GIGAスクール2292億円 年度内に整備完了へ 緊急経済対策

新型コロナウイルス感染症(新型肺炎)の感染拡大による国民生活や経済への影響に対応するため、政府は4月7日夕、臨時閣議を開き、緊急経済対策を決定した。事業規模は過去最大規模の総額108兆円となり、GDP(国内総生産)の20%にあたる。対策にかかる経費を盛り込んだ2020年度補正予算案も閣議決定され、大型連休までの成立を目指す。文科省関連予算は2763億円が計上され、このうちGIGAスクール構想の関連予算が2292億円と8割超を占めた。臨時休校が長引く状況を踏まえ、2023年度を目標としていた児童生徒1人1台のPC端末整備について、今年度内の完了を目指す。端末を家庭学習にも活用できるよう、モバイルルーターの無償貸与や教員用のカメラやマイクも整備し、遠隔教育が可能なICT環境の整備を一気に加速させる。

GIGAスクール構想の前倒しについて説明する萩生田光一文科相

GIGAスクール構想の関連予算については、「1人1台端末の早期実現」に1951億円を計上。「学校ネットワーク環境の全校整備」に71億円を盛り込み、自宅にノートパソコンやタブレット端末が使えるWi-Fi通信環境のない全国の対象世帯にモバイルルーターを無償貸与する「家庭学習のための通信機器整備支援」に147億円を計上した。

無償貸与するモバイルルーターの価格は上限1万円を想定しており、関連予算147億円から単純計算すると、総数は147万台となる。
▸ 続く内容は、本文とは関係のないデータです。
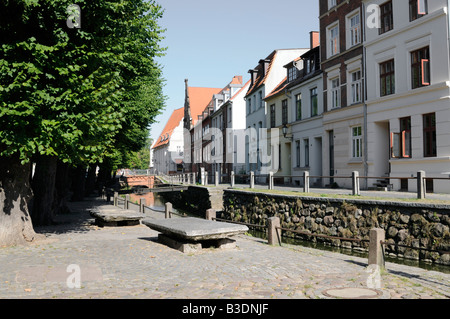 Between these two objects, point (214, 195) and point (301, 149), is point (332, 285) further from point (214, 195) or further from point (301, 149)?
point (301, 149)

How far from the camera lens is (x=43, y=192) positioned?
15.6 m

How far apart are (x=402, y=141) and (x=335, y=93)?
754cm

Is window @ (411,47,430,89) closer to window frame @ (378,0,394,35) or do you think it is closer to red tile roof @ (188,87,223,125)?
window frame @ (378,0,394,35)

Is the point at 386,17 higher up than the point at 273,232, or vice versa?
the point at 386,17

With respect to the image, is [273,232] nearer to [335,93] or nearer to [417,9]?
[417,9]

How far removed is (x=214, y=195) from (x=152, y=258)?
20444 millimetres

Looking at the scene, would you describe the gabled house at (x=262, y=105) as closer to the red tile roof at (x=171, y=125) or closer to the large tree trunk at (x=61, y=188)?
the large tree trunk at (x=61, y=188)

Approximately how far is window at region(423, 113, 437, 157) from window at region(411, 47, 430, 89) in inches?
62.3

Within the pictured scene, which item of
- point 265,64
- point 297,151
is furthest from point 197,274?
point 265,64

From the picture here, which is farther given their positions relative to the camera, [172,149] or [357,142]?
[172,149]

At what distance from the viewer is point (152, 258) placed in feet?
30.5

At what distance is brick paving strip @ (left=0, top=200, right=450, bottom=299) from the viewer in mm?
6262

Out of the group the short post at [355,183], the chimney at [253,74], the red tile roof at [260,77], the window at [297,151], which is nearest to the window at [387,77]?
the short post at [355,183]

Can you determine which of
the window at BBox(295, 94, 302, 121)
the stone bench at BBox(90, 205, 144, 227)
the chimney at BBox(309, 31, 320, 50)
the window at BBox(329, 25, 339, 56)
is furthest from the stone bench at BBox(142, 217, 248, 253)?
the chimney at BBox(309, 31, 320, 50)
文科省情報教育・外国語教育課の担当者は「これまでは学校の中のネット環境をいかに整備するか想定してきたが、臨時休校が長引いたことで、家庭の中での通信環境を整える必要性が高まってきた」と説明。全国の小中学生を持つほぼすべての家庭にWi-Fi環境が整備されるとの見通しを示した。通信費用は自治体が負担するとした。

また、「障害のある児童生徒のための入出力支援装置整備」にも11億円を充てる。

このほか、ICT関係企業のOBらICTのスキルが高い人を教育委員会や学校に招く「GIGAスクールサポーターの配置」に105億円を計上。遠隔授業で学校側が使うカメラやマイクを整備する「学校からの遠隔学習機能の強化」にも6億円を充てた。
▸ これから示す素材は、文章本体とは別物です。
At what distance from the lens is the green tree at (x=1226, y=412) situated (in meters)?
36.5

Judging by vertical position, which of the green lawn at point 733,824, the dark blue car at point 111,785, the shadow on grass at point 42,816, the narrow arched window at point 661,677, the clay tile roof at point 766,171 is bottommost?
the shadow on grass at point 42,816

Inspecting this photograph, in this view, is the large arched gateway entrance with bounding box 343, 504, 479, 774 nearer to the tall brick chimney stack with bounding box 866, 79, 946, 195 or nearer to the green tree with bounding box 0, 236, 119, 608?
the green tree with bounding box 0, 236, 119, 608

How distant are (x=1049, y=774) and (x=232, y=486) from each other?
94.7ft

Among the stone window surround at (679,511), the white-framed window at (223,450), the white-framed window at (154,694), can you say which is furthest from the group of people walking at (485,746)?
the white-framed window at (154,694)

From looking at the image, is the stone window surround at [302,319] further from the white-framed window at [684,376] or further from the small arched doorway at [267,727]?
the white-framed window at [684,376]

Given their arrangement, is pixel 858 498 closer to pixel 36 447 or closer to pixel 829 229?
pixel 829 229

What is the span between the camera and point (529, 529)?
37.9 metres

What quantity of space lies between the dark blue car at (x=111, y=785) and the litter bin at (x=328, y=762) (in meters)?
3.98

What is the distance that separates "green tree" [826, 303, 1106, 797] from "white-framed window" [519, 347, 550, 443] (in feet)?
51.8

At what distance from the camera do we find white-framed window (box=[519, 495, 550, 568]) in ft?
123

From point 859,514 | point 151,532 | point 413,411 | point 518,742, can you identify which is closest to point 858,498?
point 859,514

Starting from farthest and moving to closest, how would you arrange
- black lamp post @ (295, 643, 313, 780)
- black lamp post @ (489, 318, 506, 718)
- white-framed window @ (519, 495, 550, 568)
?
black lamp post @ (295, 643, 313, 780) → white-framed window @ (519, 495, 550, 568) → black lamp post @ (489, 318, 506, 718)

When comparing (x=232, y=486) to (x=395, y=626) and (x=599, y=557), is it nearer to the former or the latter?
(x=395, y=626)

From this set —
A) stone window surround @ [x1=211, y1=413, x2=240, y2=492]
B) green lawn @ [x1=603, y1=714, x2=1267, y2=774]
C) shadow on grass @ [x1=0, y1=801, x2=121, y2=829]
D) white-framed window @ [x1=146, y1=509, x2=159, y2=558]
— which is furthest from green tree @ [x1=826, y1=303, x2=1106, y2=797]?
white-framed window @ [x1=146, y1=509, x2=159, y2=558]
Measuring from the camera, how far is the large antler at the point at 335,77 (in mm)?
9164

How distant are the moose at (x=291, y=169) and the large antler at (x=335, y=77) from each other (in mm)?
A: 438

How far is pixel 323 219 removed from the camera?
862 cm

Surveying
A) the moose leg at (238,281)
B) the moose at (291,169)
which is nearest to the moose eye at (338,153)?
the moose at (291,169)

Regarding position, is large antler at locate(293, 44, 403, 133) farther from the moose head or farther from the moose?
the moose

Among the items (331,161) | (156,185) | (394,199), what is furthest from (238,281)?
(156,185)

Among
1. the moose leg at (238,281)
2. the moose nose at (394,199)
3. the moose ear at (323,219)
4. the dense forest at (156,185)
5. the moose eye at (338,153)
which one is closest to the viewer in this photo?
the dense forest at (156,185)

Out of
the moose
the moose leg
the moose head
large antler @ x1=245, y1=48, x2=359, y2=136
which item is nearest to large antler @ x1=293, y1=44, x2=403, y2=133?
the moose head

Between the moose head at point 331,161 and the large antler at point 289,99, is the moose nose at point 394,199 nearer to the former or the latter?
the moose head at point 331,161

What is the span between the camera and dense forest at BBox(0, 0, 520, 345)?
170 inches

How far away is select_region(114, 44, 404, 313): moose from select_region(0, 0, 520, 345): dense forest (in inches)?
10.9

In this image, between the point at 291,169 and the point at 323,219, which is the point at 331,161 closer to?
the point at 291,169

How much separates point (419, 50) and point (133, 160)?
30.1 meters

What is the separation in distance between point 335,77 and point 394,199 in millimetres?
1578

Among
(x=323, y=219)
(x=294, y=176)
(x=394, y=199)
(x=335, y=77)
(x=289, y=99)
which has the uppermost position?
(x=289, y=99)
臨時閣議後の記者会見で萩生田光一文科相は「就任以来、令和の時代のスタンダードとして進めてきた。早急に実現したい」とGIGAスクール構想の年度内前倒し実施に力を込めた。続けて「パソコンやタブレットは自治体が判断すればすぐ購入できるようになる。できるだけ早期の購入を促したい。分かりやすいコンテンツを詰め、ICTを活用して休校中にしっかり授業をしたい」と述べ、休校期間中の家庭学習にも役立てたいとの考えを示した。大学なども遠隔授業に必要な環境整備を進めるとした。

新型コロナウイルスの感染拡大で収入が急減した世帯の高校生らに対し、授業料減免や奨学給付金を通じた支援をする。大学生についても授業料減免も含めたきめ細やかな配慮ができるよう、支援するとした。一斉休校に伴う修学旅行の中止や延期により発生したキャンセル料は、保護者の負担軽減を図るため、自治体に助成する。
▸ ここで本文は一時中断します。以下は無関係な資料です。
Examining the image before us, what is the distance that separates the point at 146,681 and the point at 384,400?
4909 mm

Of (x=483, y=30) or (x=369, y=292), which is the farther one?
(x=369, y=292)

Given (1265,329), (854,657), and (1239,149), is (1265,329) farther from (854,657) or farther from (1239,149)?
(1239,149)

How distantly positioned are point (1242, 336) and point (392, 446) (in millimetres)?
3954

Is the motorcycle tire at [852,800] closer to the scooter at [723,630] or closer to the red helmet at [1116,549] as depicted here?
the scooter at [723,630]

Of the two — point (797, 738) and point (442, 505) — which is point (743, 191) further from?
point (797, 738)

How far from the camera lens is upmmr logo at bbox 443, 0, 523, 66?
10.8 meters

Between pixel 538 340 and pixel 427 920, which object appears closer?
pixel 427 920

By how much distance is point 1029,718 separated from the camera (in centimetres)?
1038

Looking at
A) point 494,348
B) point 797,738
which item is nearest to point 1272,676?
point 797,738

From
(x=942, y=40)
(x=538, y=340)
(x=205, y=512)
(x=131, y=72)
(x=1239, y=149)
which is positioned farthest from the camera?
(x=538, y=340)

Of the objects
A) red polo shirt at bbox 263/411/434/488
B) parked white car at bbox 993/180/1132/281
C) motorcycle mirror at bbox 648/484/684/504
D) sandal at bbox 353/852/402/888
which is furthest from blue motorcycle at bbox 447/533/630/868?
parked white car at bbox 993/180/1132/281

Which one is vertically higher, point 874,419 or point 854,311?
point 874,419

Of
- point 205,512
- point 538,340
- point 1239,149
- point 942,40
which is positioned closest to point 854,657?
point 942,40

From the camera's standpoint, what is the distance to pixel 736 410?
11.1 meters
このほか、学校における感染症対策として、児童生徒や教職員に、1人2枚の布製マスクを配るとした。子供の居場所確保に関しては、臨時休校の期間中、自宅で過ごすことのできない児童生徒の居場所や学習機会を確保するとした。

さらに、新型コロナウイルス感染症対策のため、治療薬やワクチン開発などの研究開発を加速させる「感染症研究・大学病院への支援」に101億円を計上。「スポーツ・文化活動への支援」に59億円を盛り込んだ。